Few people claim to fully understand Dr Perelman's rationale, but most agree that it has something to do with his perception of the moral failings of his peers. In 2006, a Chinese mathematician, Shing-Tung Yau, who also worked on the Poincaré conjecture, said that many of Dr Perelman's ideas were only "sketched or outlined", in a statement that many viewed as a shocking act of egoism. And Dr Perelman had fallen out with colleagues long before that.

In a rare interview, Dr Perelman once told The New Yorker that the mathematical community's ethics dismayed him: "It is not people who break ethical standards who are regarded as aliens," he said. "It is people like me who are isolated ... there are many mathematicians who are more or less honest. But almost all of them are conformists."

Whatever the truth, those mathematicians long for the chance to welcome him back to the fold. "It's very, very curious," said Professor Du Sautoy. "We all want to celebrate what he's done."

Poincaré Conjecture: The riddle Perelman solved

*Henri Poincaré thought explaining the proof of his famous conjecture would take far too long. But even trying to explain the conjecture itself is not easy without recourse to visual props such as rubber bands, footballs and doughnuts. It's all to do with topology, the science of surfaces, or – as some would call it – "rubber sheet geometry".

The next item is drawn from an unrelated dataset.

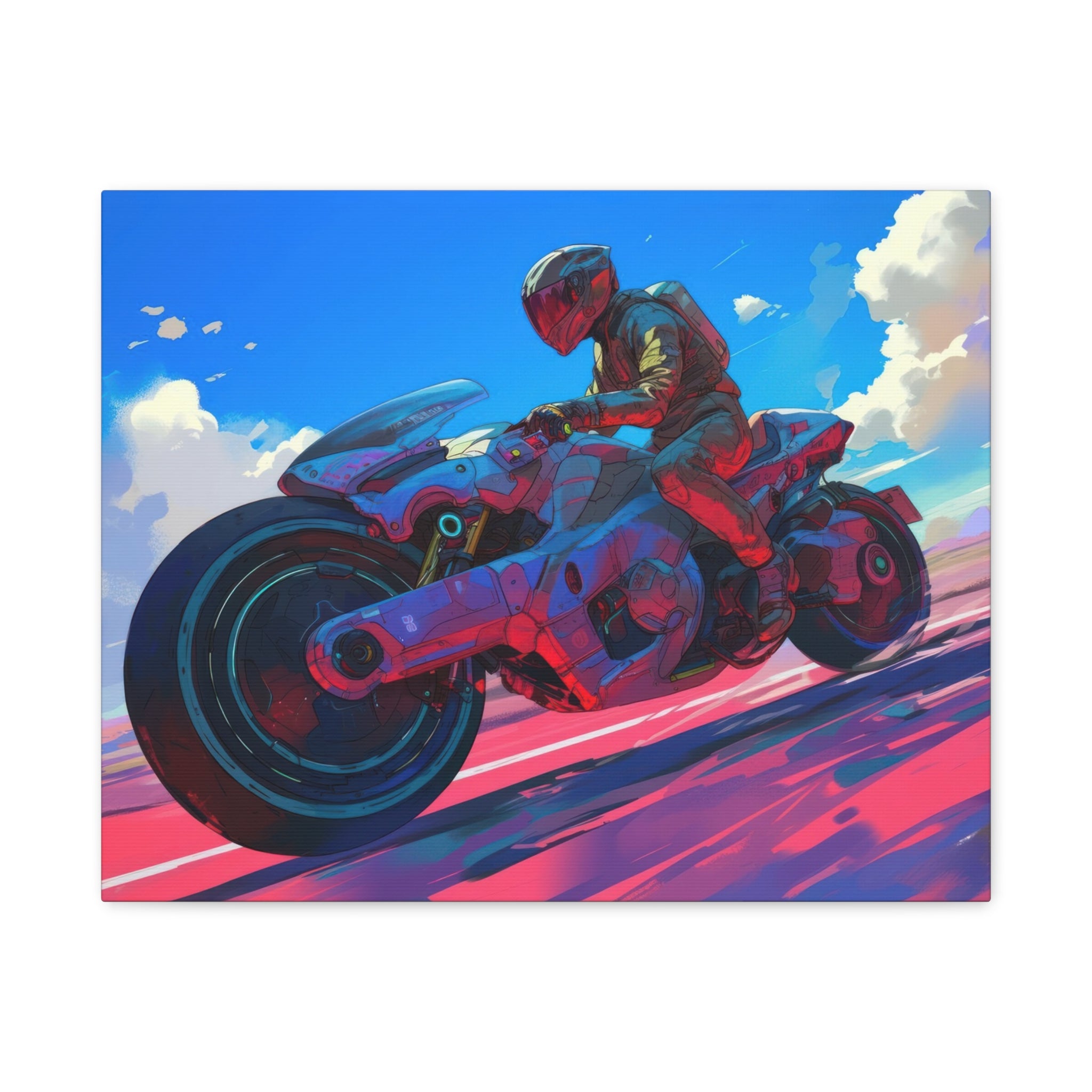 canvas-wall-art-anime-motorcycle-print-motorcycle-poster-matte-stretched-canvas-home-decor-motorbike-artwork-cyberpunk-motorc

One way of looking at Poincaré's conjecture is to imagine the surface of a football. Whether inflated or not, it stays the same, and in that sense it is said to be two-dimensional. Imagine stretching a rubber band around the circumference of the inflated football. It is possible to move the band towards one end of the ball without tearing the band or allowing it to leave the surface. In this sense, the surface of the football is said to be "simply connected".

Now imagine stretching a rubber band around a doughnut, a sphere with a hole in it. In this case it is not possible to move the band without tearing the doughnut. So the surface of the doughnut is said to be not simply connected. Poincaré proposed that all closed, simply connected, three-dimensional surfaces, those which lack holes and are of finite extent, were spheres. His conjecture was a way of stating this observation, but proving it mathematically had defied generations, until Perelman came along.

The conjecture has implications for cosmology, which is fascinated with the idea of the shape of the space-time continuum. The mathematics behind the conjecture could help scientists to determine the shape of the universe. Steve Connor.